Diese Übersicht richtet sich vordergründig an Privatpersonen. Doch auch wenn der Schreiner als Fachperson zu einem Wasserschaden gerufen wird, kann er sich daran orientieren oder seinem Kunden dahingehend beratend zur Seite stehen.
«Am Anfang ist es sicher wichtig, dass man die Ursache des Wasserschadens möglichst schnell eruieren und stoppen kann», sagt Bachmann. Dennoch sollten diese Arbeitsschritte nur nach explizitem Auftrag des Bauherren erfolgen. «Wurde der Auftrag nicht erteilt und ist die Schadensursache von der Versicherung nicht gedeckt, bleibt der Schreiner auf seiner Rechnung sitzen», sagt Bachmann. Mit dem entsprechenden Auftrag könne dann aber mit den Sofortmassnahmen begonnen werden. Diese Massnahmen erfolgen in Regiearbeit und werden anhand von Fotos dokumentiert. Hier gilt es allerdings, die aktuellen Datenschutzverordnungen zu beachten. «Fotos und Informationen sollten ohne Zustimmung des Bauherren nicht einfach an andere Handwerker oder die Versicherungsgesellschaft weitergeschickt werden», empfiehlt Bachmann.

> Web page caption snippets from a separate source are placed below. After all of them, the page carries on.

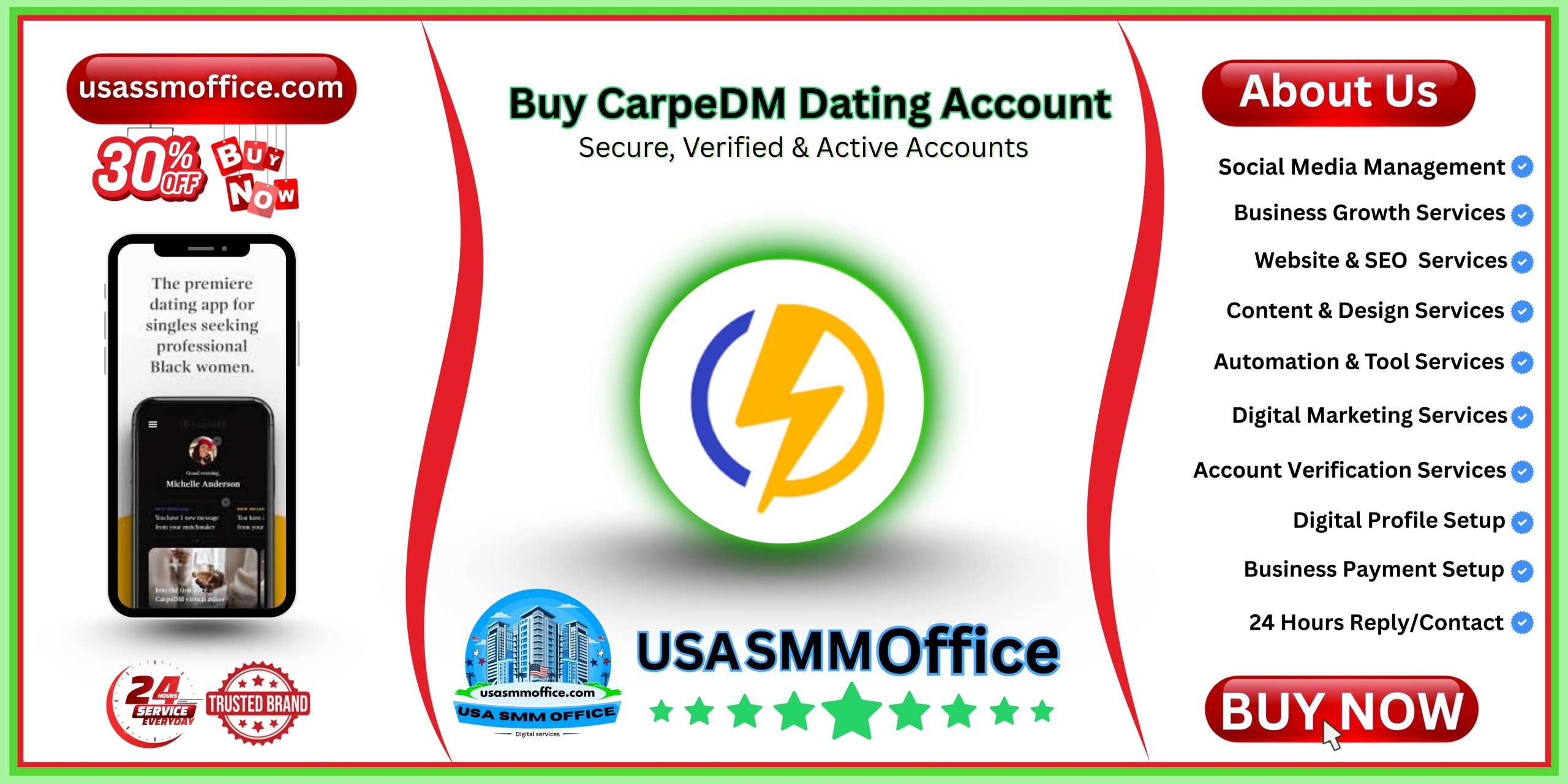 Buy CarpeDM Dating Account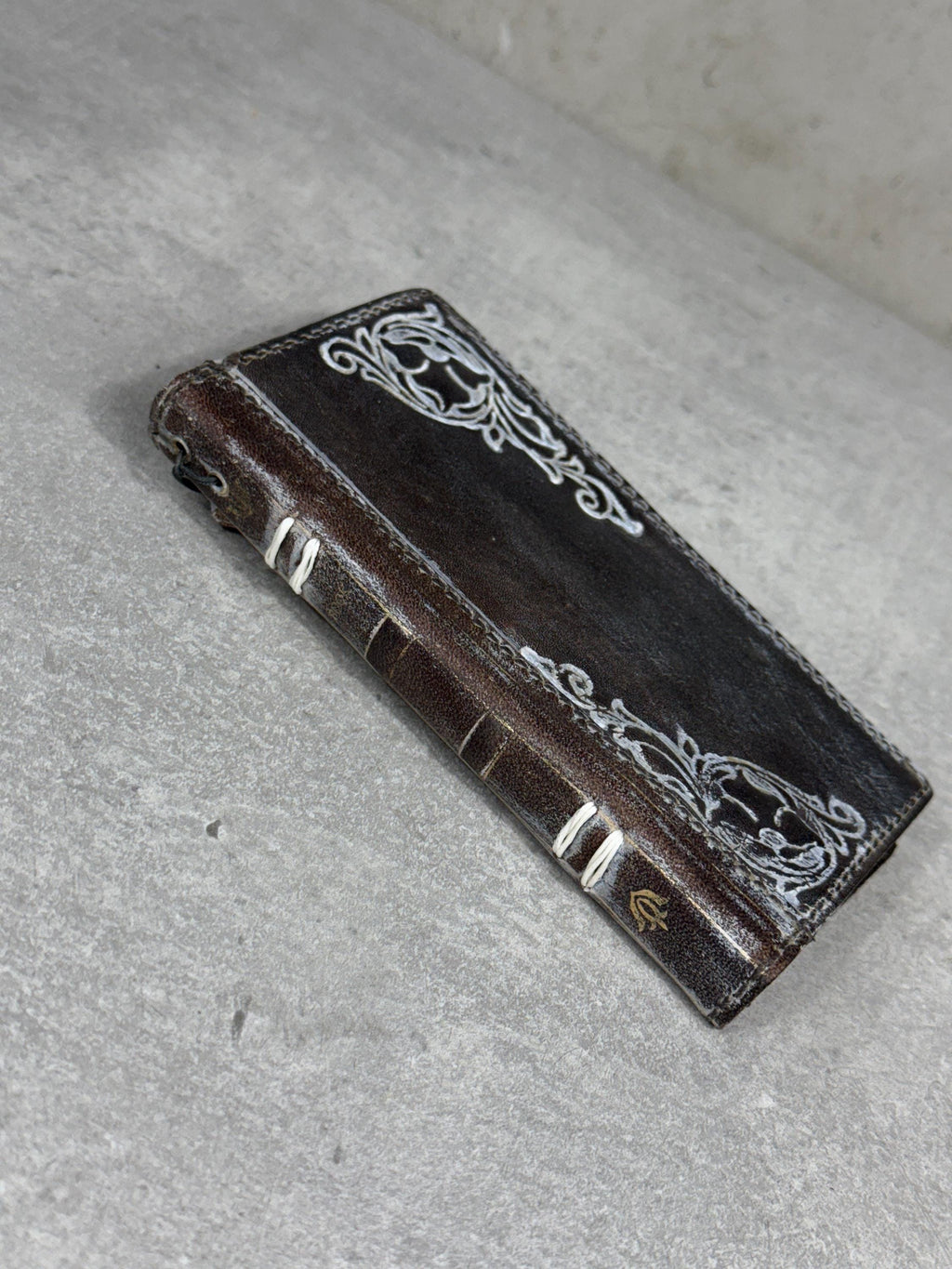 Vintage Leather iPhone Wallet Case: Book Style, Credit Card Slots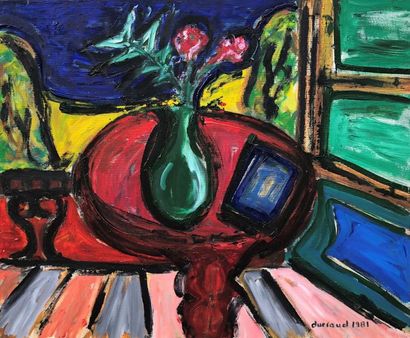 null Christian DURIAUD (né en 1944)

Le vase vert

Huile sur toile signée en bas...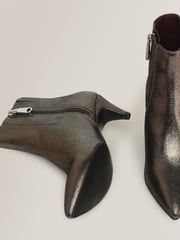 Radley London Metallic Silver Point Street Cone Heeled Booties - Image 4 of 4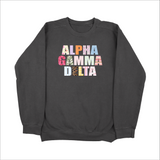 Alpha Gamma Delta Scrapbook Sorority Sweatshirt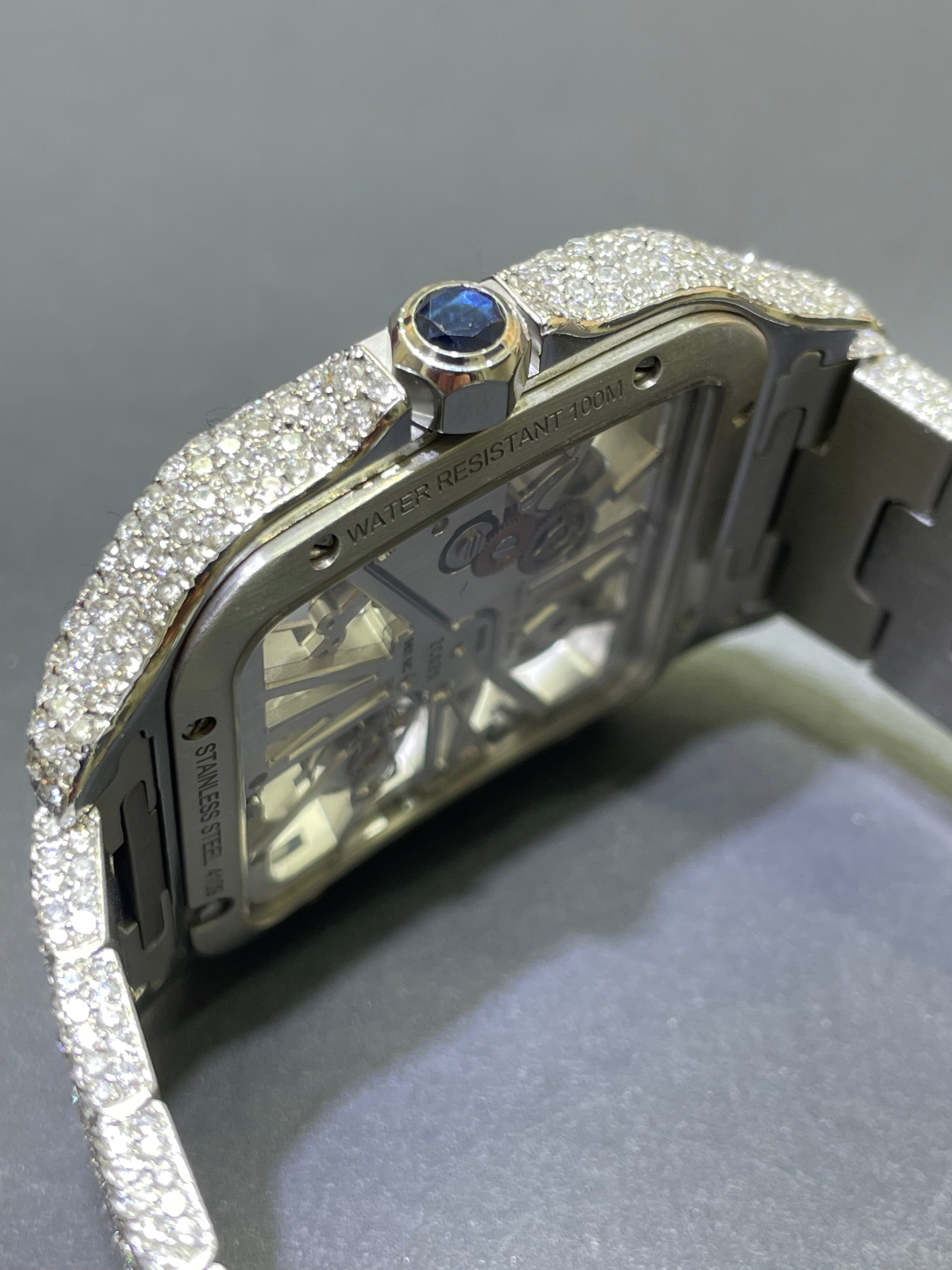 Iced Out Cartier Skeleton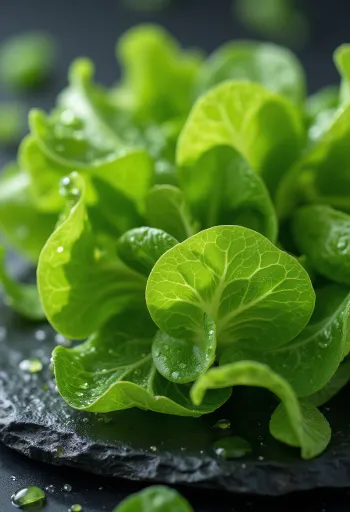 Feuilles de laitue de mer séchées d'un vert vif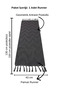 Zigzag Patterned Textured Tasseled Tablecloth Decorative Living Room and Kitchen Table Runner - 2
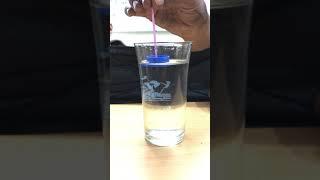 Force due to Surface Tension on cap when half filled glass of water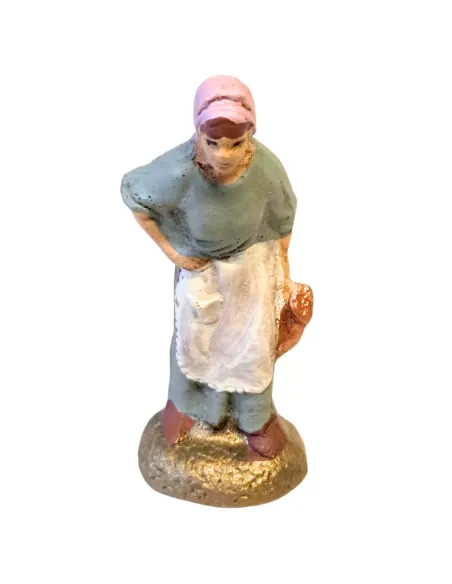 Terracotta woman with amphora – 5 cm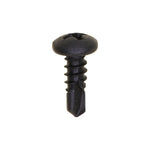 #8x1/2" Phillips Pan Head Teks Screw, Type 2 Self-Drilling Tek, Black Oxide
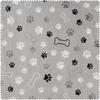 Fleece stof "Paws and bones"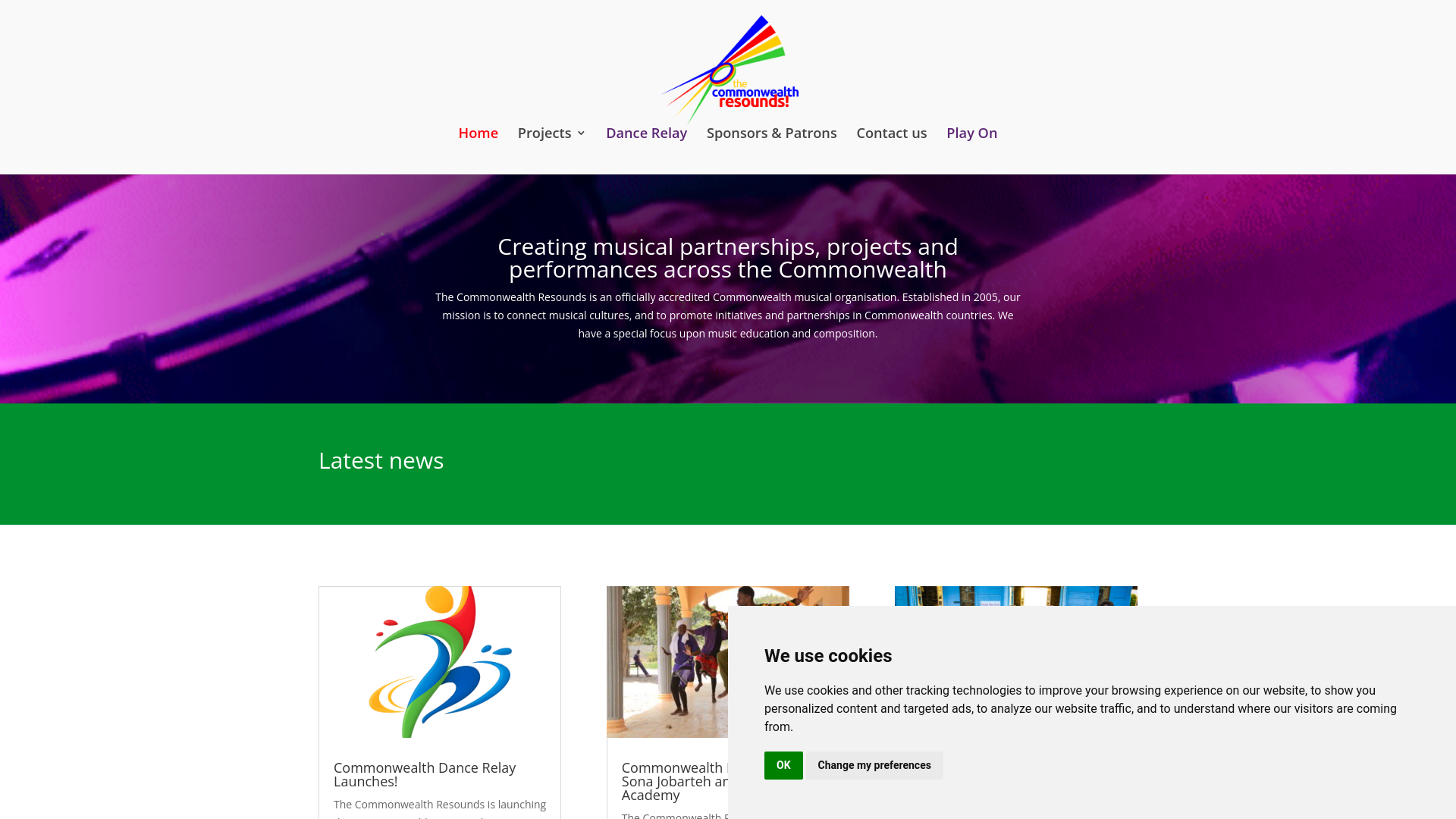 Website screenshot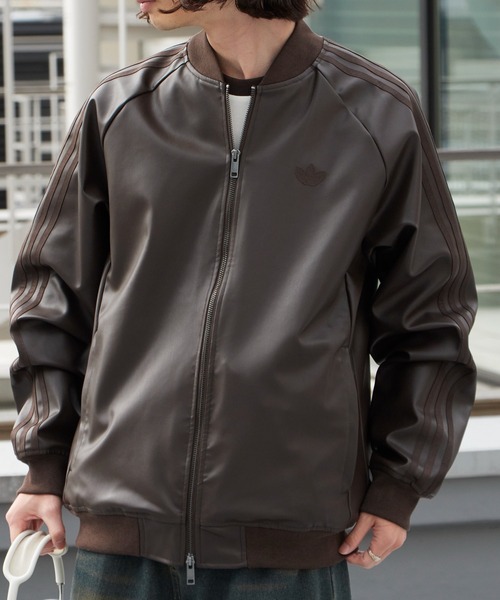 adidas/アディダス SST PLEATHER フェイクレザー ジャケット 2026年春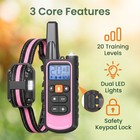 Dog Training Collar 3300ft Remote Rechargeable Shock Pet Waterproof Trainer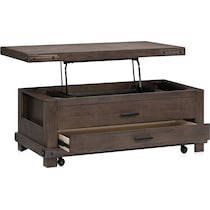 sterling dark brown coffee table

Nach den Sofortmassnahmen sollten die weiteren Schritte dann in jedem Fall mit der Versicherung abgesprochen werden. Zum einen, um das Vorgehen mit anderen Handwerkern koordinieren zu können, und zum anderen sollte für den Reparaturauftrag eine Offerte eingeholt werden. Zu diesem Zeitpunkt prüft die Versicherungsgesellschaft auch, ob es sich um ein Versicherungsereignis handelt oder ob jemand anderes für den Schadenfall haftbar ist. Beispielsweise, wenn ein Handwerker seine Arbeit nicht fachgerecht ausgeführt hat und der Wasserschaden darauf zurückzuführen ist. In diesem Fall muss der Kunde eine entsprechende Mängelrüge schreiben und den Handwerker aufbieten.
«Deshalb ist dieser kurze Stopp nach den Sofortmassnahmen entscheidend, damit alles reibungslos aufgegleist werden kann und keine Missverständnisse entstehen», sagt Bachmann. Die Bauherrschaft wisse, welcher Betrag von der Versicherung gedeckt ist, und der Schreiner habe die Garantie, dass seine Rechnung bezahlt wird. Nach den Sofortmassnahmen müsse in den meisten Fällen ohnehin erst mal ausgetrocknet werden, was ein Zeitfenster für die administrativen Schritte schafft.
Hansruedi Wieland bewertet die Zusammenarbeit mit den verschiedenen Versicherungsgesellschaften im Kontext eines Wasserschadens als durchweg positiv. «Ich erlebe immer wieder, dass die Versicherungen sehr kulant sind», sagt der Schreiner. Auch die Kommunikation gestalte sich in der Regel unkompliziert.
Bei der Offertenausschreibung für einen Reparaturauftrag sollten die einzelnen Arbeitsschritte jedoch möglichst präzise aufgeführt werden, wie Wieland aus Erfahrung weiss. «Auch das Stellen einer Staubwand oder das Einrichten des Arbeitsplatzes für den Fermacell-Zuschnitt vor dem Haus gehört in den Offertenbeschrieb.»
Entsteht während des Reparaturauftrages zusätzlicher, zuvor nicht absehbarer Arbeitsaufwand, sollte zwingend nochmals mit der Versicherungsgesellschaft Rücksprache gehalten werden, wie Wieland empfiehlt. So habe er dies an einem langen Arbeitstag auch schon versäumt. «Ich dachte, wenn ich hier schon alles eingerichtet habe, kann ich diese Arbeit vor dem Feierabend auch gleich noch erledigen und muss nicht am nächsten Tag nochmals kommen.» Da dieser Mehraufwand nicht offeriert war, akzeptierte die Versicherungsgesellschaft die zusätzlichen Kosten zunächst nicht. Anhand von Fotos konnte der Schreiner die Notwendigkeit der Arbeitsschritte aber nachweisen, wodurch die Mehrkosten letztlich doch übernommen wurden. «Der Ablauf sollte natürlich aber ein anderer sein, da gilt das Zuarbeiten kurz vor dem Feierabend auch nicht als Ausrede», sagt Wieland.